Strategie: Seit drei Jahren versucht José Martinez, ein ehemaliger Manager des spanischen Moderiesen Inditex, die Totalsanierung. Esprit muss künftig mit weniger Lieferanten auskommen, statt 352 sollen es nur noch 226 sein. Geringere Kosten erhofft sich Martinez durch eine Reduzierung der Läden von 1100 bei seinem Amtsantritt auf inzwischen weniger als 900. Durch Stellenstreichungen sind von 10 700 nur noch gut 9000 Mitarbeiter im Unternehmen. Auch die Produktpalette ist deutlich spärlicher. Martinez hat das Angebot radikal beschnitten: Seit Februar bringt Esprit statt zwölf nur noch vier Kollektionen pro Jahr in die Läden, für jede Jahreszeit eine. Zudem hat jede Kollektion 40 Prozent weniger einzelne Teile.

Prognose: Dem Ex-Inditex-Manager ist die Wende nicht gelungen. Sowohl in Deutschland als auch in Europa, den USA und Asien sanken die Erlöse in den ersten neun Monaten des laufenden Geschäftsjahres. Das mittlere Preissegment, in dem das Label rangiert, ist extrem umkämpft. Esprit droht zur Marke zu werden, die irgendwann niemand mehr sucht.

Ahlers, Herford

Ahlers wird in dritter Generation von Stella Ahlers geführt, der Enkelin des Firmengründers Adolf Ahlers, und ist seit 1987 börsennotiert. Zum Unternehmen gehören die Herrenmarken Baldessarini, Otto Kern, Pierre Cardin und Pioneer.

Problem: Den Westfalen verhagelten vor allem der Krieg in der Ukraine und die Wirtschaftskrise in Russland 2015 das Geschäft. Zudem bekam Ahlers die erfolglose Freizeitmarke Gin Tonic nicht hoch. Zwei Prozent Umsatz gingen verloren, weil ein großer Händler weniger Kleidung orderte, die Ahlers für ihn als Eigenmarke produziert.
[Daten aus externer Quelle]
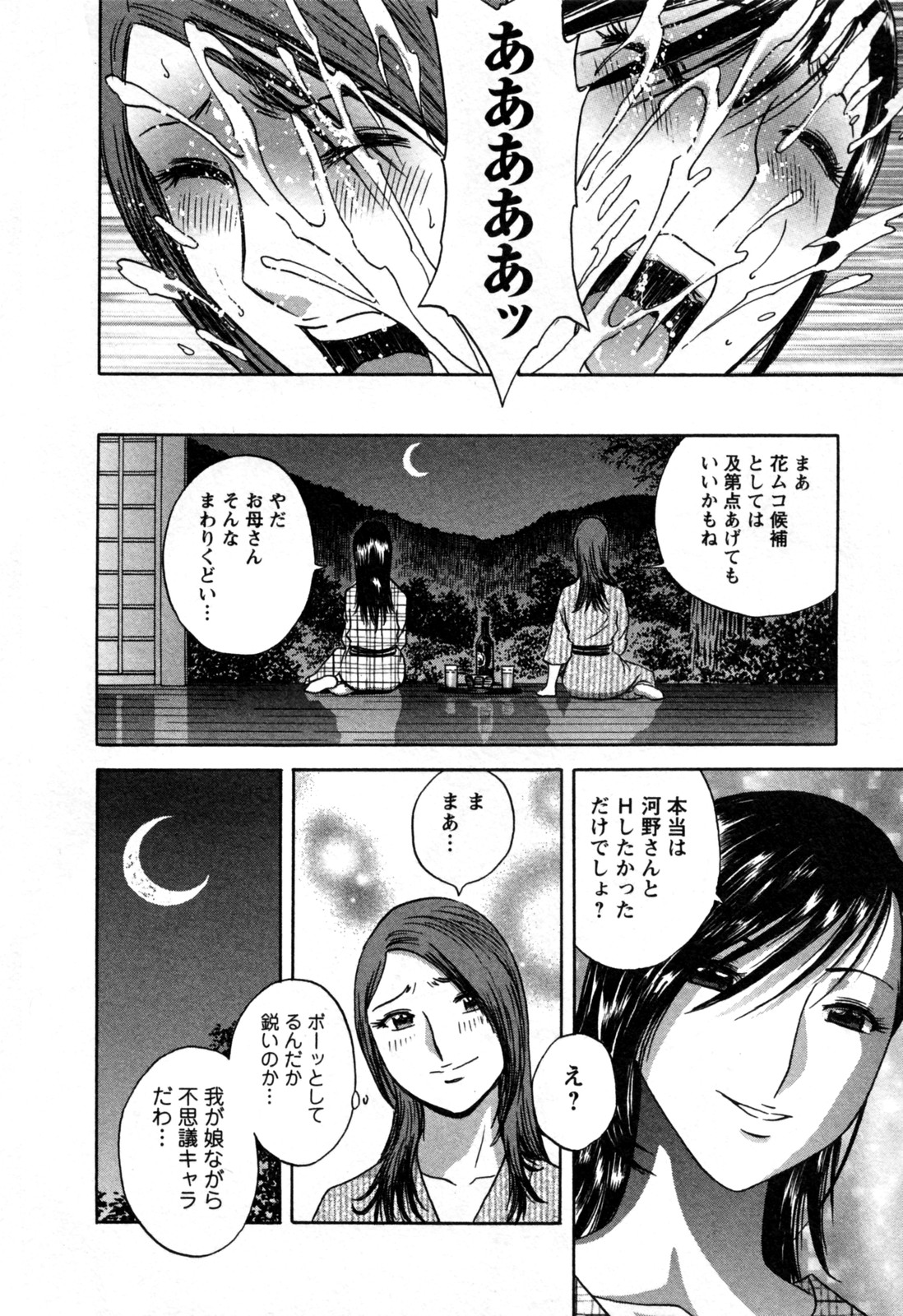 [英丸] ゾッコン！ボイン温泉 第3巻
Alles zusammen drückte den Umsatz um sechs Prozent auf 242 Millionen Euro und den Jahresüberschuss von 6,0 auf 1,4 Millionen Euro. Die Aktie verlor in den vergangenen zwölf Monaten rund 30 Prozent.

Strategie: Ahlers macht Schluss mit Gin Tonic, im Sommer wird die letzte Kollektion ausgeliefert. Auch die Produktion von Kleidung unter anderen Namen wird reduziert. Das dürfte Ahlers zwar drei Prozent des Konzernerlöses kosten, wegen der schwachen Margen aber das Ergebnis verbessern. Im Spätsommer soll die französische Lizenzmarke Pierre Cardin einen eigenen Onlineshop erhalten. Zudem will Ahlers mit Pierre Cardin die Expansion in Frankreich, Belgien, Spanien und Polen forcieren.

Prognose: Die Genesungsaussichten sind dank der soliden Aufstellung gut. Die geringe Zahl eigener Läden belastet die Fixkosten weniger als bei Boss oder Esprit. Normalisiert sich das Geschäft in Osteuropa, kann Ahlers zu alter Stärke zurückfinden.